Peter boldly expanded the message preaching that “Jesus went about doing good and healing all who were oppressed by the devil” (v.38b). Peter’s followers must have been overwhelmed by these words. Peter had been a witness to Jesus’ ministry; he was there when Jesus died and after the resurrection when Jesus came to the disciples and commissioned them to “Make disciples of all nations” (Matthew 28:19). Peter finally heard the message himself, God is for everyone: hypocrites, pretenders, liars, every day saints–no partiality. Retirees, single parents, traditional families, youths, children, care-center residents, blended families–no partiality. Wheelchair users, cane users, dog guide users, hearing device users, scooter users, motorcyclists, minivan drivers, long distance truckers and e-mail users–no partiality. God wants us to include people from all lands, races, religious persuasions, city streets, mansions and condominiums.

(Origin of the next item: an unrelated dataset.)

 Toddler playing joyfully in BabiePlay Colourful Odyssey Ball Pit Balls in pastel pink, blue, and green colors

God raises no eyebrows, shows no partiality, favoritism or exclusivity. “In every nation anyone who fears [God] and does what is right is acceptable to [God]” (v. 35). The family, the realm of God, is all encompassing. Family are people to whom we matter. From the outside, people might look at the Sacrament of Baptism given to us by Jesus as a rite of inclusion into an exclusive organization. Does baptism say to outsiders, “Welcome to the holy club, the in-group church?” Is the mark of baptism a sign of exclusivity or inclusivity?
Baptism sets us apart for God. At baptism, we acknowledge whose we are. Baptism is an act of sharing one’s child when the child is presented by a parent or guardian, placed into the arms of the minister–a symbolic letting go that is a precursor to future separations. The child becomes more than an extension of parental being. The child belongs to two families: the family of nurture and the family of God. Does the family pedigree passed down genetically take precedence over adoption into the family of God, where all are united in the body of Christ?

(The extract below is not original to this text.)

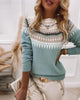 Frau in blauem Strickpullover mit Norwegermuster, cremefarbene Hose, goldene Uhr, Handtasche.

To become a Christian requires no surrender of part of one’s given identity but the taking on of a wider identity. When a child is presented for baptism, I ask: “Do you desire (for yourself or your child) to be baptized into the faith and family of Jesus Christ?” It is your choice to renounce the evil in the world, to profess faith in Jesus Christ as your Lord and Savior and to commit your life and the life of your child to know Jesus, love Jesus and serve Jesus. We promise to live as best we can according to the way Jesus lived. We promise God, ourselves, and the surrounding witnesses to resist oppression and evil, to show love and justice, and in the way we live our lives to reflect and point to Christ.

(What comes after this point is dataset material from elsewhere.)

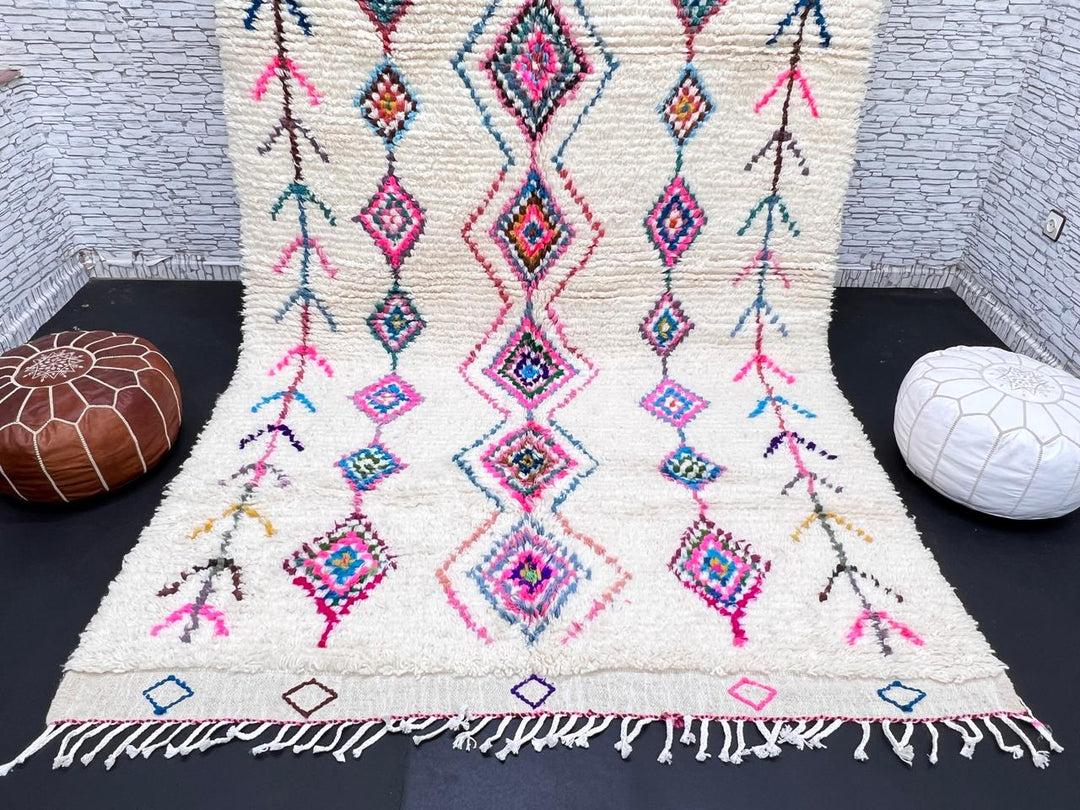 Colorful handmade Moroccan Berber rug with diamond tribal patterns on white wool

We promise the faith community which has welcomed us with open arms, adopting us to share in ministry by faithful attendance, to celebrate Christ’s presence and to further the mission of Christ in all the world as part of a church that draws others toward growth in their own faith. Baptism may be a few drops of water but it is a reminder of God’s presence bringing the holy into the now. A few drops of water here in the midst of things awakens, creates and offers holy encouragement; it is a piece of affirmation that reminds us that God is for all of us. Praise God!